- Task description: No picture belongs in the copy. Repeat each line below exactly.

- Input for this task:
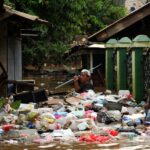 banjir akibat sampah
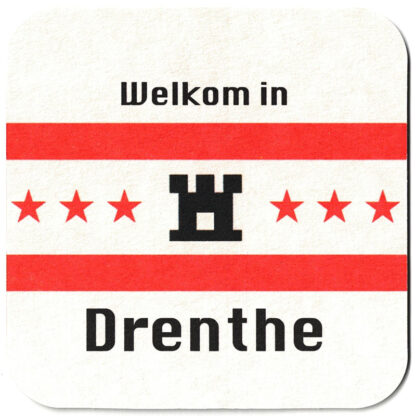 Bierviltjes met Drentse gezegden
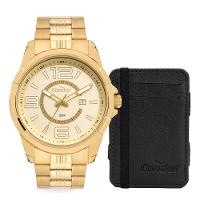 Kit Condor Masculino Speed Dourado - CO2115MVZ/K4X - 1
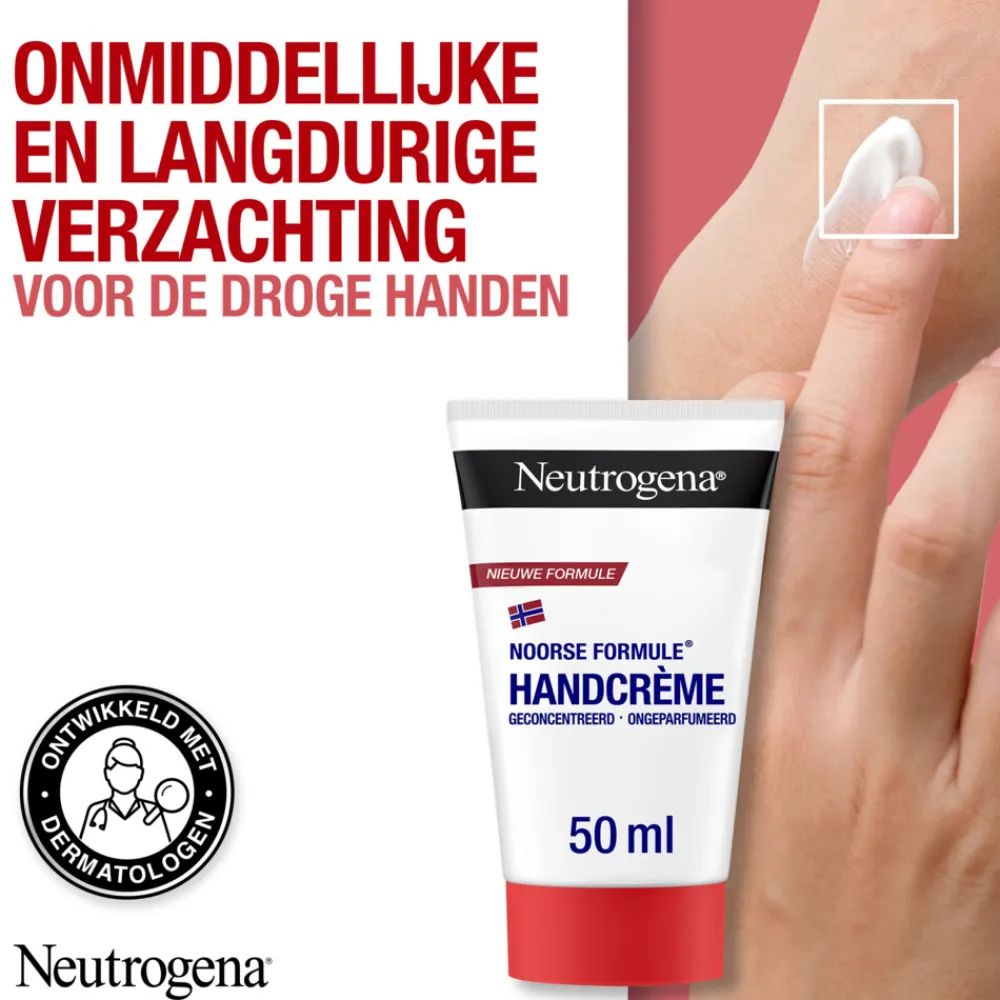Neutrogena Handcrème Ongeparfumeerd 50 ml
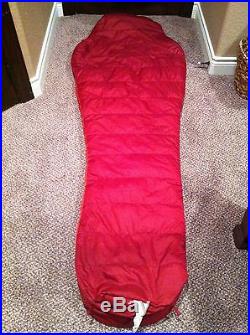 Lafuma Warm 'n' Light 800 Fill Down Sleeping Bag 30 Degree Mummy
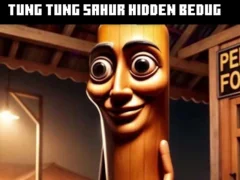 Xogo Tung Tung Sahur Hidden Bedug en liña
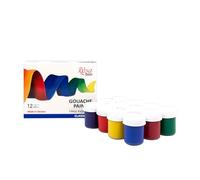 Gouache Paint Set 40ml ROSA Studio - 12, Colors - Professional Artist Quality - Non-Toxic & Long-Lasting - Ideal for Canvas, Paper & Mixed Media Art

- Answer space:
 banjir akibat sampah
 Bierviltjes met Drentse gezegden
 Kit Condor Masculino Speed Dourado - CO2115MVZ/K4X - 1
Neutrogena Handcrème Ongeparfumeerd 50 ml
 Lafuma Warm 'n' Light 800 Fill Down Sleeping Bag 30 Degree Mummy
 Xogo Tung Tung Sahur Hidden Bedug en liña
 Gouache Paint Set 40ml ROSA Studio - 12, Colors - Professional Artist Quality - Non-Toxic & Long-Lasting - Ideal for Canvas, Paper & Mixed Media Art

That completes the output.